The college houses 600 students on its 47-acre facility which features a full complement of recreational facilities associated with a resort, including spacious conference rooms, large central meeting rooms, a formal dining room with seating capacity to 700, a grand lobby, and entry rooms.
The college's new 25,000-sq-ft building presents a striking view, yet inside the slab/concrete tilt-up structure, there are plenty of obscured items tied to its HVAC system that have presented striking benefits and savings.
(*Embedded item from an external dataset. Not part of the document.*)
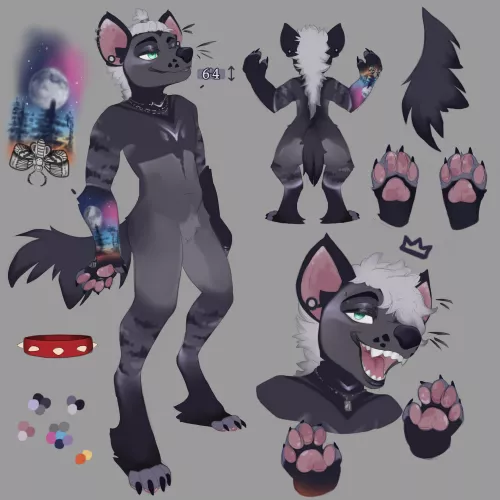 Defnitely the hottest character I have ever made, and will ever make. 😏 Also first Reddit post hi :)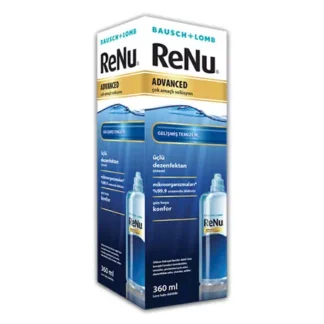 Renu Advanced 360 ml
Bucking the NormRooftop units and conventional metal ductwork are construction norms, however, an architect and engineer creatively used an alternative HVAC system that cut installation and construction costs at the chapel by more than $100,000 while also reducing future maintenance expenditures. The chapel features seven 74-ft-long runs of fabric ductwork, each connected to its own respective 12.5-ton, 6,000-cfm cooling/heating rooftop unit in the 12,000-sq-ft gymnasium/chapel.
Consulting engineer, Thomas Krusic, P.E., principal, Krusic & Associates (Irvine, CA), and architect, Richard Dayton, principal at Dayton Associates Architects (Newport Beach, CA), chose polyester blended fabric duct because of its superior air dispersion vs. round metal duct. The fabric duct, which is manufactured by DuctSox (Dubuque, IA), uses linear diffusers that the company says supply even and gentle cooling/heating air dispersion along the entire length of the duct vs. registers every 10 ft on round metal duct.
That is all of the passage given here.